Les prévenus qui ont directement participé à la tuerie risquent théoriquement la peine de mort toujours prononcée au Maroc même si un moratoire est appliqué de facto depuis 1993. Pour les avocats représentant la famille de Louisa, partie civile, l’organisation du double-assassinat a été favorisée par des dysfonctionnements des services de l’Etat.

Condamné pour une affaire mineure de terrorisme, le cerveau présumé du groupe a « épousé les idéaux jihadistes en prison« , « bénéficié d’une remise de peine » et réuni à Marrakech des « frères » rencontrés en détention ou dans son quartier, sans être jamais inquiété par les autorités, a affirmé Me Khaled El Fataoui.

Selon lui, la police a été alertée sur les activités du groupe mais sans effet. Enfin, le groupe comptait des imams, des « fonctionnaires » qui prêchaient à rebours de la ligne officielle de leur hiérarchie prônant un islam tolérant et modéré, a-t-il ajouté. L’autre avocat de la partie civile a pointé du doigt les écoles coraniques du chef religieux marocain, cheikh Mohamed al-Maghraoui: ayant hébergé des réunions du groupe dans leurs locaux, elles « peuvent être considérées comme des partenaires des criminels« , a dit Me Houssine Raji.

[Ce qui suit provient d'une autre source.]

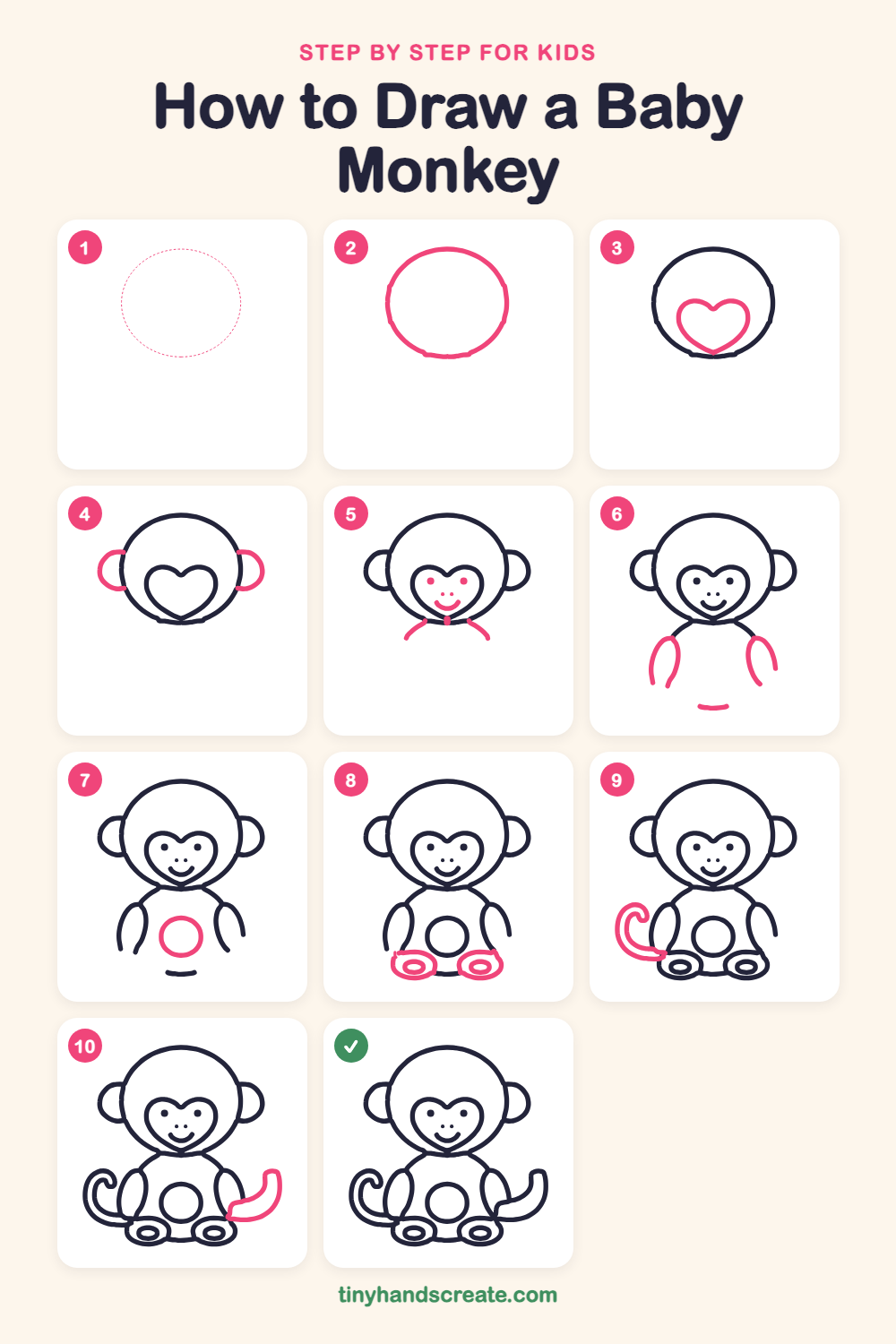 How to draw a baby monkey step by step for kids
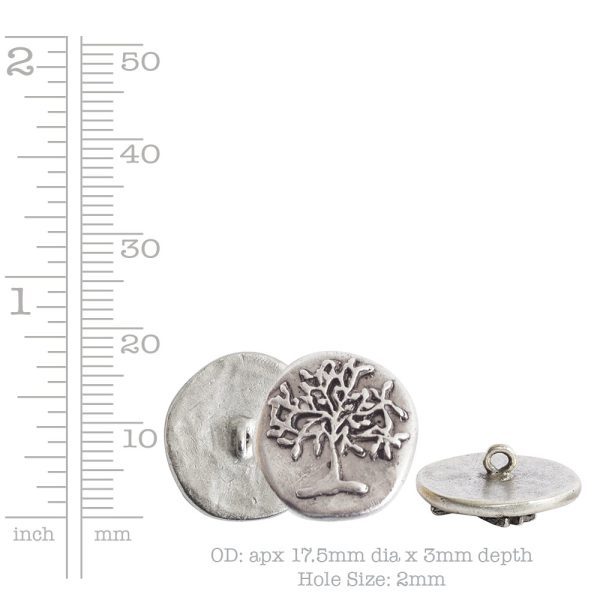 Button Organic Tree of Life Round SmallSterling Silver Plate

Ces écoles avaient été fermées en 2010 sur décision judiciaire puis rouvertes en 2012 par le ministre de la Justice de l’époque Mustapha Ramid, lequel avait, selon Me Raji, regretté dans un discours que « Marrakech devienne une destination pour des gens du monde entier qui viennent commettre des péchés« . Les avocats de la partie civile ont demandé que le chef religieux et le ministre viennent s’expliquer, mais leur demande a été rejetée.

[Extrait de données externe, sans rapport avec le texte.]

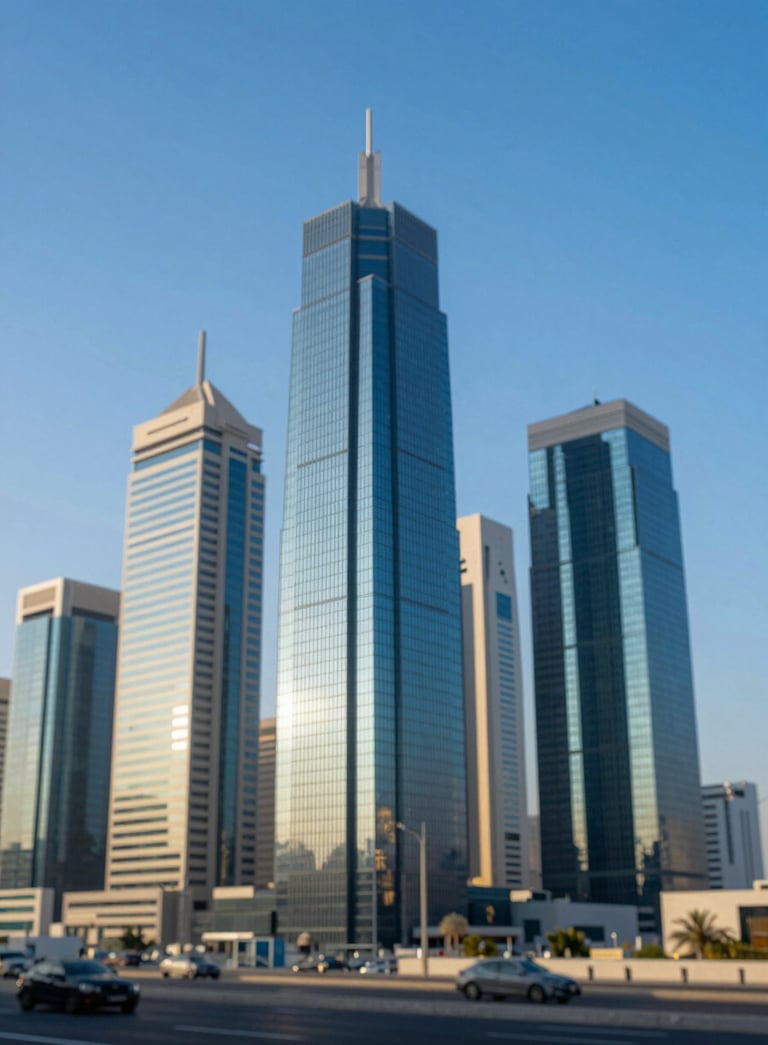 A modern architectural view of a Saudi Arabian business district skyscraper against a clear blue sky, emphasizing professionalism and regional expertise, with reflections of #A1B2BC and #336B87 colors.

Lors des précédentes audiences, les principaux suspects sont passés aux aveux: Abdessamad Ejjoud, un marchand ambulant de 25 ans a reconnu avoir décapité une des deux touristes et organisé l’expédition meurtrière avec Younes Ouaziyad, 27 ans et Rachid Afatti, 33 ans. Younes Ouaziyad a reconnu avoir décapité la seconde touriste et Rachid Afatti avoir filmé. Des images de la décapitation et une vidéo de serment d’allégeance à l’EI avait été diffusées sur les réseaux sociaux.

Leurs complices présumés, accusés de « constitution d’une bande en vue de commettre des actes terroristes » ont nié toute implication. Certains disent avoir été manipulés, d’autres affichent ouvertement leur adhésion aux discours de l’EI, qui n’a jamais revendiqué la double décapitation. Kevin Zoller Guervos, seul étranger du groupe, est accusé d’avoir appris aux principaux suspects à utiliser une messagerie cryptée et de « les avoir entraînés au tir« . Dédouané par Abdessamad Ejjoud mais mis en cause par certains prévenus, il a clamé son innocence devant le tribunal.